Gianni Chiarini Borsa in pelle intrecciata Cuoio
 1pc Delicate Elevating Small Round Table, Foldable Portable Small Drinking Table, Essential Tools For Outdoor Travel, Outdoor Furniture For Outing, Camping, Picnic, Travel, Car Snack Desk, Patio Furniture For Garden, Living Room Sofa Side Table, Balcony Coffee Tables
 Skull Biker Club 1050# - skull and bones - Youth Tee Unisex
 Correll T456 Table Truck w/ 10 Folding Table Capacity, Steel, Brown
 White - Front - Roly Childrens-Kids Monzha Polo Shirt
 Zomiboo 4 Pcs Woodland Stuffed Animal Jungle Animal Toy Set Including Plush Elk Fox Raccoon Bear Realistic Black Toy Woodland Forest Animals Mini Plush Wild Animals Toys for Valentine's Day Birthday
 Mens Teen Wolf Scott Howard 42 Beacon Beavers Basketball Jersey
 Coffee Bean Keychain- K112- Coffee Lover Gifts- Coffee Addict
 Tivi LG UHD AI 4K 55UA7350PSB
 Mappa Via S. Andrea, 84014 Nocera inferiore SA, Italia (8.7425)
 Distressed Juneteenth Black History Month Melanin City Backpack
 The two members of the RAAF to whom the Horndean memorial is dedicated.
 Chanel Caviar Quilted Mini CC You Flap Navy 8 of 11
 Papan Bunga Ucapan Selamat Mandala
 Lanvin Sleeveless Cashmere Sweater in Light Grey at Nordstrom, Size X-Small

■ Exercise directions
Reproduce verbatim the lines above, from the line with "Mappa Via S." through the line with "Papan Bunga Ucapan Selamat Mandala".

■ Solved problem
 Mappa Via S. Andrea, 84014 Nocera inferiore SA, Italia (8.7425)
 Distressed Juneteenth Black History Month Melanin City Backpack
 The two members of the RAAF to whom the Horndean memorial is dedicated.
 Chanel Caviar Quilted Mini CC You Flap Navy 8 of 11
 Papan Bunga Ucapan Selamat Mandala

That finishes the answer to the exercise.